If you're into graphics technology, you've probably run out of rags at this point to wipe up your drool with. NVIDIA kicked things off by introducing Pascal with its bodacious GeForce GTX 1080 graphics card and it's only slightly less impressive sibling, the GeForce GTX 1070, followed by a new Titan X card. And over on the workstation side, there's the recently announced Quadro P6000, the most beastly of them all, and an unannounced mobile Quadro GPU based on Pascal.

While wandering the expo floor at SIGGRAPH 2016, the folks at Fudzilla came across laptop on a table connected to an external display. It turns out that inside that laptop is a mobile Quadro GPU sporting NVIDiA's Pascal architecture for portable workstations. Unfortunately NVIDIA isn't talking about its unreleased mobile Quadro part just yet, but apparently it's pretty snazzy.

NVIDIA Quadro

"The demo that was on the showcase is quite good looking, and with a realistic demo, and a person can change her or his viewpoint," Fudzilla notes.

When you move your viewpoint, the mobile Quadro GPU re-renders the pixels and shading so that the lighting and overall setting remains accurate.
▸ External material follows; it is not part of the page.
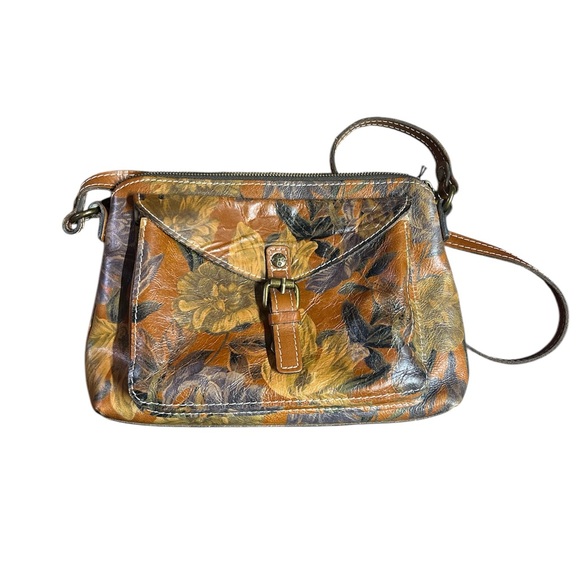 Patricia Nash Fresco Bouquet Avellino Crossbody 100% Italian Leather Floral - Picture 6 of 11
We've haven't seen this setup ourselves, but given what we know about and have seen from Pascal so far, a mobile Quadro part based on NVIDIA's latest GPU architecture is certainly exciting.

As a point of reference, NVIDIA's current flagship mobile Quadro part is the M5500. Based on its previous generation Maxwell architecture, the Quadro M5500 sports 2,048 CUDA cores and 8GB of GDDR5 memory on a 256-bit bus for 211GB/s of memory bandwidth, and has a 150W TDP.